Article 3G6D3 Don’t feed the fatberg! What a slice of oily sewage says about modern life

Don’t feed the fatberg! What a slice of oily sewage says about modern life

by
Stephen Moss
from Environment | The Guardian on (#3G6D3)

A chunk of the monster Whitechapel fatberg is now a superstar museum exhibit. It shines a horrifying light on our throwaway age - but will it stop people clogging up the sewers with the grease from their Sunday lunch?

The fatberg that went on display this month at the Museum of London is proving something of a sensation. Visitor numbers have more than doubled; there is a palpable air of half-term excitement when I visit; and the fatberg fudge - modelled to look like the rough-hewn fatberg brick, with little raisins to represent flies (or something worse) - has sold out. The museum has hit on an unlikely goldmine.
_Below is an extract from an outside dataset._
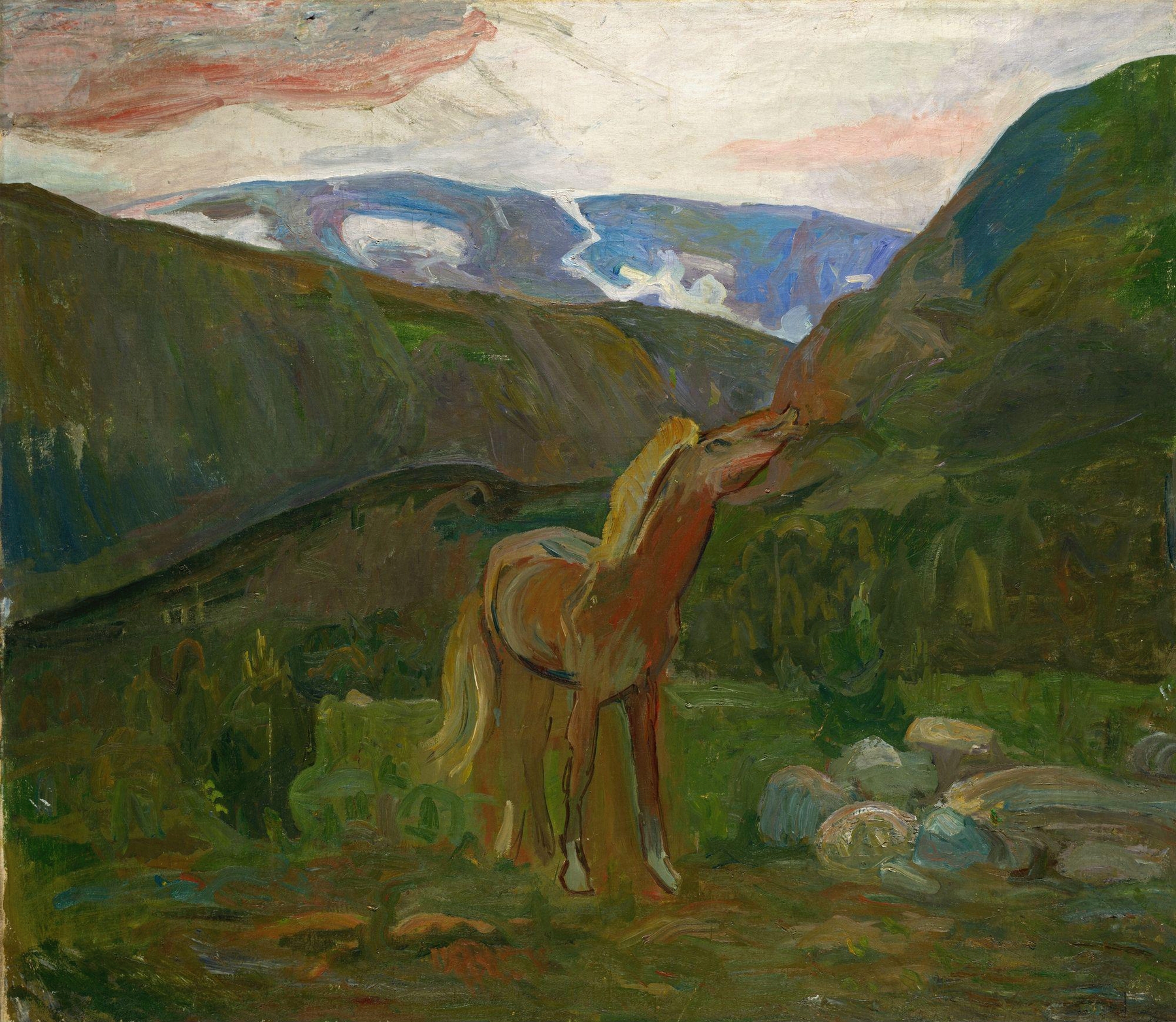 Horse in the Mountains by Oluf Wold-Torne, oil painting depicting a horse against mountains.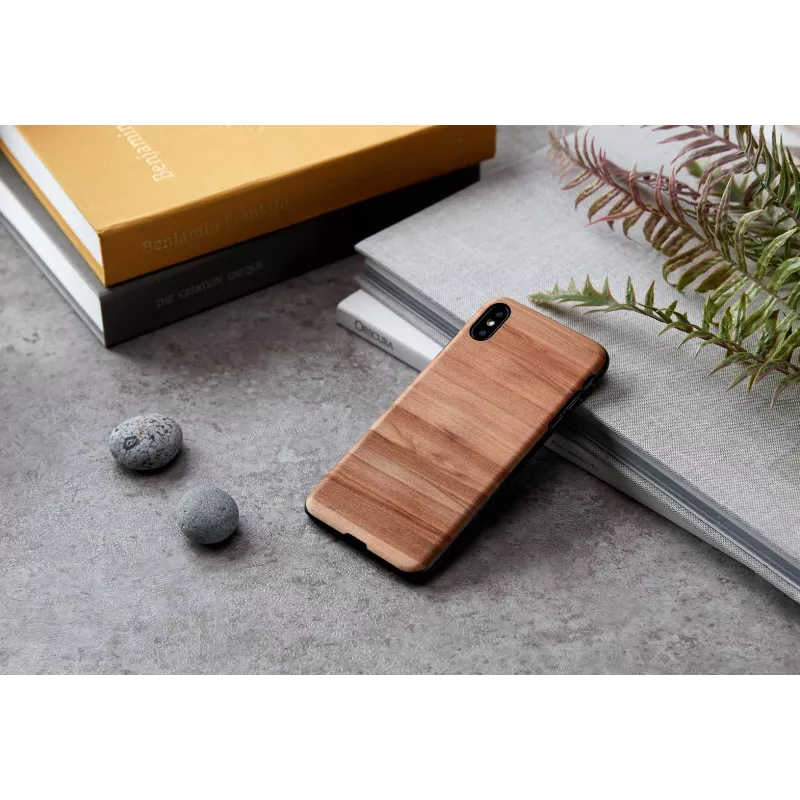 Etui na smartfona man and wood do iPhone XS Max — cappuccino Czarny etui ochronne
Unsurprisingly, curator Vyki Sparkes is looking pretty pleased with herself, and is already talking about a world tour for her prized object - a slice of the giant Whitechapel fatberg discovered last year. There is just one problem: no one knows if it will survive. It is already changing colour as it continues to dry out, and Sparkes is worried that it may start to disintegrate. It is due to be on show at the museum until July. Best come early to avoid disappointment. But, for now, it is an undoubted triumph, raising the question "what is art" - can hardened sewage in a glass case have aesthetic value? - and confronting us with the environmental destructiveness of our throwaway age.